Understanding how stem cells work
In the first experiment with the device, the researchers studied how different signaling molecules affected the outcome of mouse neural stem cells. Such experiments create millions of data points, so Tay collaborated with Andrey Rzhetsky, a professor in medicine and genetics, to conduct machine-learning analyses on the large dataset.
They found that certain combinations of signals synergize and cause the cells to differentiate, while other molecules shut down those processes. Timing of these signals is also crucial. If a molecule is delivered at the right time, the researchers found, it can change the course of stem cells from differentiation to self-renewal.
“There are certain orders of signals that are highly optimal, and the exact timing of signals matter,” Tay said. “There hasn’t been a way to dynamically monitor these cells before, so finding and understanding these principles is exciting.”
Next, the researchers hope to use the device to study organoids, tissue cultures derived from stem cells that organize themselves like tiny organs.
Ultimately, a device like this could be used in fields like immunotherapy, where a patient’s own immune system is stimulated to help fight disease. A patient’s stem cells could be removed, placed into the device, and be given the right combination of molecules to develop them into a certain lineage, then be placed back in the body.
“We want to be able to use this device for all kinds of problems in cell biology,” Tay said.

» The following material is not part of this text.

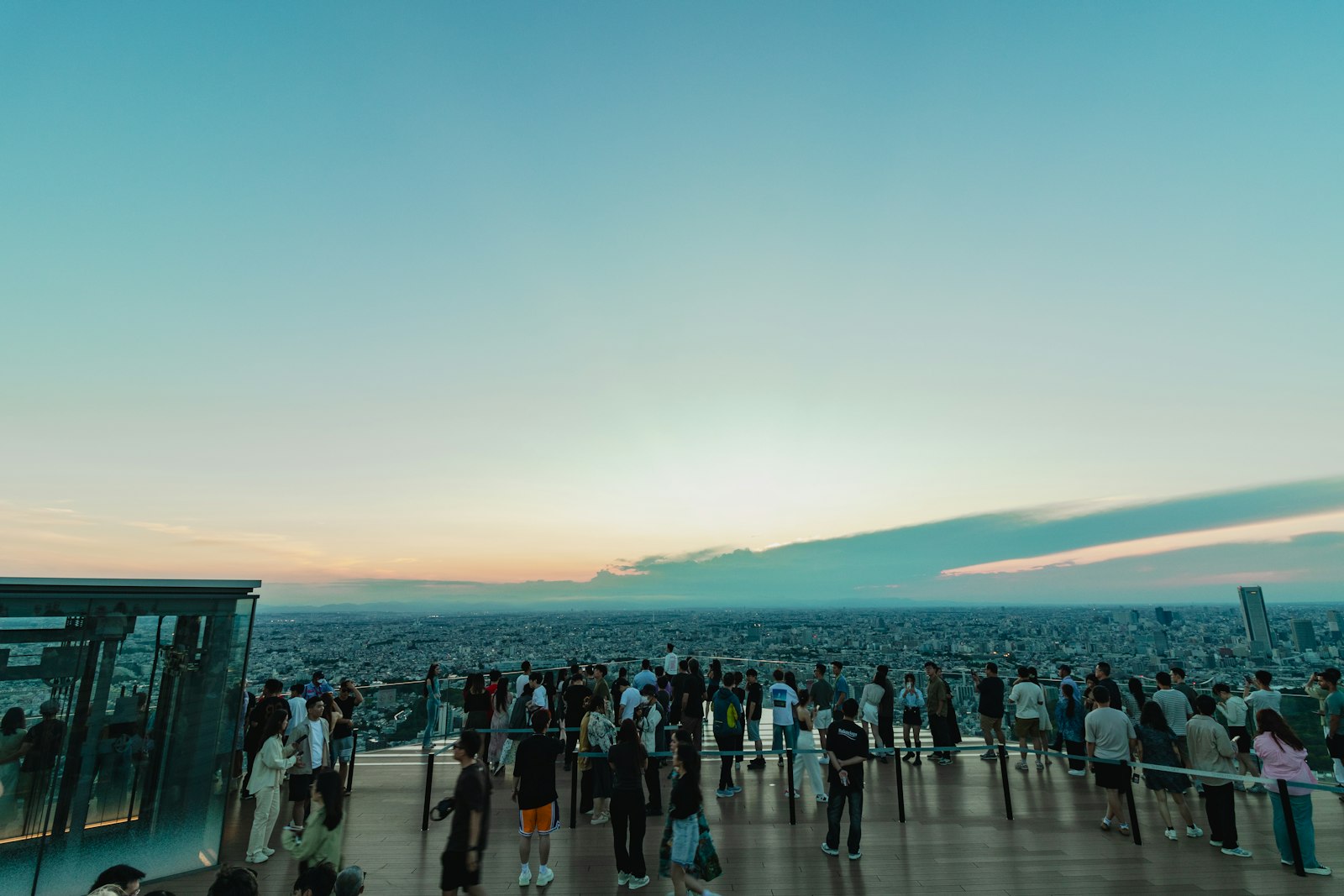 Visitors on the Shibuya Sky rooftop deck at dusk with the Tokyo skyline behind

Other authors on the paper include Ce Zhang and Hsiung-Lin Tu, former postdoctoral fellows in Tay’s lab; Gengjie Jia, a postdoc in the Rzhetsky lab; and Verdon Taylor and Tanzila Mukhtar of the University of Basel.
Citation: “Ultra-multiplexed analysis of single-cell dynamics reveals logic rules in differentiation.” Zhang et al, Science Advances, doi: 10.1126/sciadv.aav7959
Funding: Swiss Initiative in Systems Biology.